Then there is Jacqueline Roth. When I first met Jae, as her friends know her, I was working as a moderator and mentor at one of the largest fanfiction sites on the internet. We were both submitting authors there, and I got to know her after interacting over a story she was submitting. We started to exchange stories, and eventually became part of a great many enterprises together. We are both founding members of an incredible online literary arts journal called eMuse, and for many years we shared a fantastic, but small online writer's critique site. I watched Jae grow over the years from someone who only dreamed of writing, into a woman who thrived. In the last two years she has had several books published through Cerridwen Press and their sister site, Ellora's Cave. She has written some of the most character driven, amazing stories I have ever read. If you've not heard of her, she comes highly recommended. She's got an incredible imagination. Her successes continue to inspire me on a regular basis.

There are so many people that inspire me that were I to name them all, I would literally be sitting in this chair until the latter part of next week. Since it's going on 2 AM, I'll wrap it up here with a simple and humble thank you to all of the people I know who dedicate themselves to following their creative destinies. You are all an amazing inspiration to me, and your successes, both great and small, light a fire under me every day.
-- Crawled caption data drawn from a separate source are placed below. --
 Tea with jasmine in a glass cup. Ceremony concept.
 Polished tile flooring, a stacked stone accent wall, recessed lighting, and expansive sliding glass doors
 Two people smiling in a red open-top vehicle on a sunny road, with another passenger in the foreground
On that note, I will say goodnight, and good Friday, apparently in more ways than one.

08 April, 2009

Let the Cards Fall Where They May

When I was fourteen, I got my first deck of tarot cards. The Rider Waite deck, which is one of the most well-known and basic decks on the market, it was the only one they had at our local bookstore at the time. A friend I went to school with had done a demonstration speech on how to read tarot cards, and I had to have them.

Long had I been into the metaphysical, checking out books on the Salem Witch Trials and demonic possession from our local library when I was all of about ten years old. Learning to read tarot cards seemed like the next logical step in my journey toward self discovery.

I've amassed quite a tarot collection over the last nineteen years, having a total of thirteen decks at present. Three of those decks are Celtic, in tie to my Scottish and Irish ancestry, and each of the others has its own special significance.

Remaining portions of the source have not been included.